No sé qué se tiene en contra del noble pan y circo (‘panem et circenses’ para los que esta noche se dediquen a la lectura de Juvenal en lugar de ver el Barça-Real Madrid). El entretenimiento, como el humor, es lo único que nos queda frente a esta tragicomedia que es la vida. Piensen en lo que en unas horas se perpetrará en Andalucía.
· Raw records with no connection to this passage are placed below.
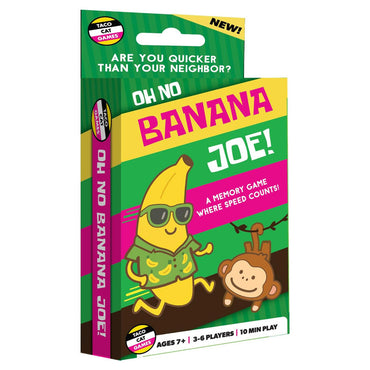 Oh No Banana Joe!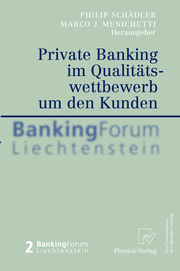 Private Banking im Qualitätswettbewerb um den Kunden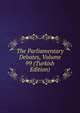 The Parliamentary Debates, Volume 99 (Turkish Edition), 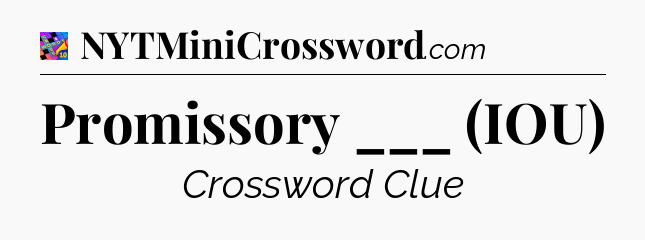 Promissory ___ (IOU) Crossword Clue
Si las encuestas son certeras, asistiremos al principio del final del bipartidismo -aún está por verse si no acabaremos anhelándolo- y qué mejor manera de homenajearlo que disfrutar con su único rescoldo: un Real Madrid-Barça (con permiso del Atleti) ¡Como si en “los gachós” de Susana Díaz o el «mira bonita» de Soraya Sáenz de Santamaría no hubiera pan y circo.

¿Se da una importancia excesiva al clásico? Me parece que sólo los sufridos vecinos de las calles aledañas al Bernabéu y al Camp Nou tienen motivos de peso para hacer semejante afirmación.
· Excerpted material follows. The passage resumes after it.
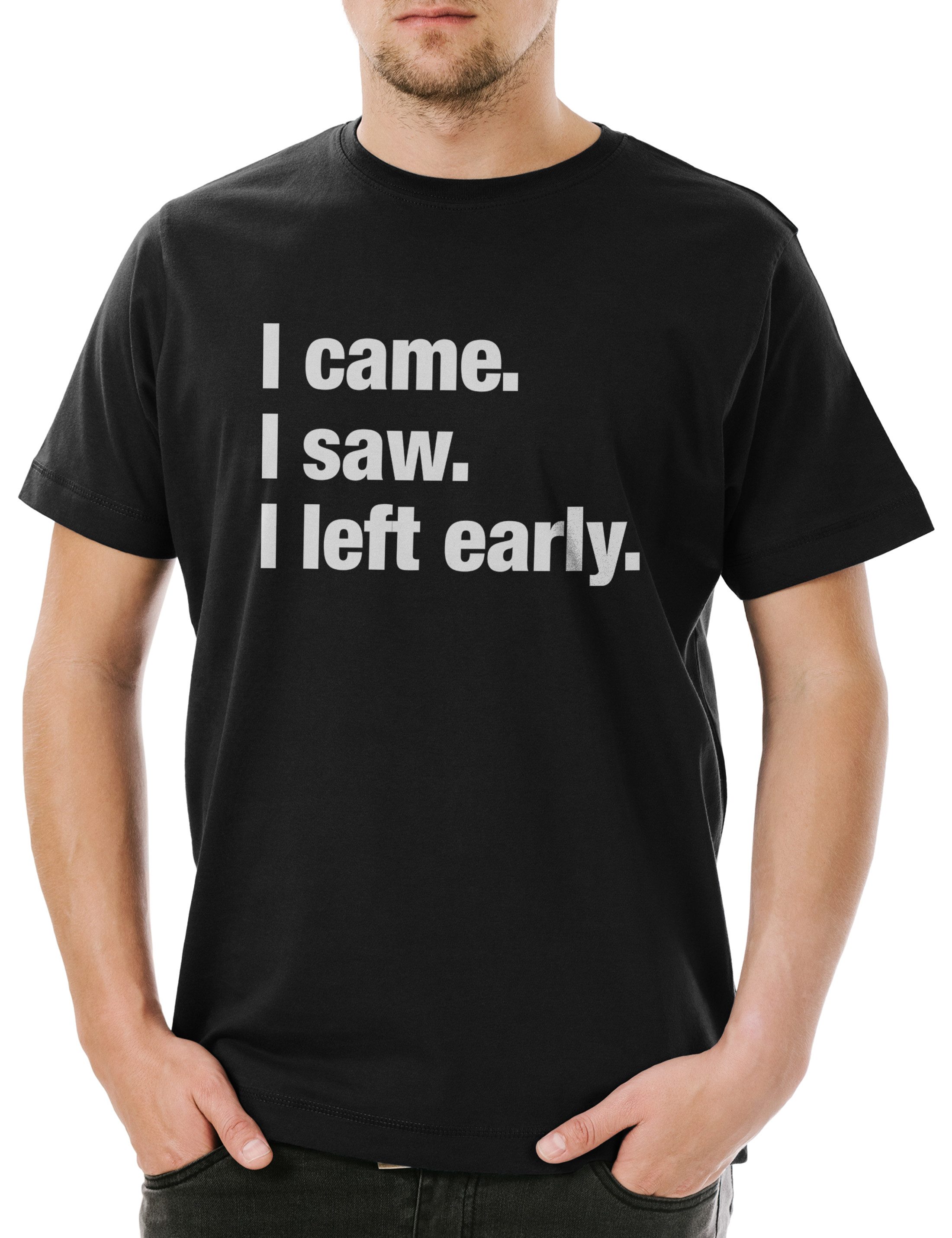 Print-Shirt I Came I Saw I Left Early Herren T-Shirt Pessimismus Nihilist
El viernes, ‘Expansión’, el salmón propiedad de Unidad Editorial que lidera la información económica en España, auditaba la importancia del partido y concluía que era el más importante del mundo por el valor de sus plantillas, número de seguidores, audiencias… Sin olvidar además la repercusión mundial del enfrentamiento que, seguramente, será más seguido que el debate de investidura de Susana de Triana. El 7% de los europeos se confiesan blaugranas o merengues mientras el 55% de los chinos dice seguir a uno de los dos equipos españoles. Así nos podemos ahorrar hasta a Margallo.
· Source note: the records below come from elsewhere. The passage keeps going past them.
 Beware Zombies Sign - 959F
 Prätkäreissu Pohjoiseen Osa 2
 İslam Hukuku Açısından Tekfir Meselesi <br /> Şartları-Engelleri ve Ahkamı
Por otro lado, la pasión por el fútbol no excluye otros intereses. Hay doctores en literatura que aún lloran la marcha de Mourinho y porfían contra el piperío del Bernabéu. El fútbol, como cualquier entretenimiento es el alivio de nuestros días. Como dijo el sabioFrancisco Cruz, sindicalista de CCOO: “¡Ahora, sin más preámbulos, a tomar cervezas, a vivir!”. Y a ver el fútbol. ¿Quién quiere opio del pueblo?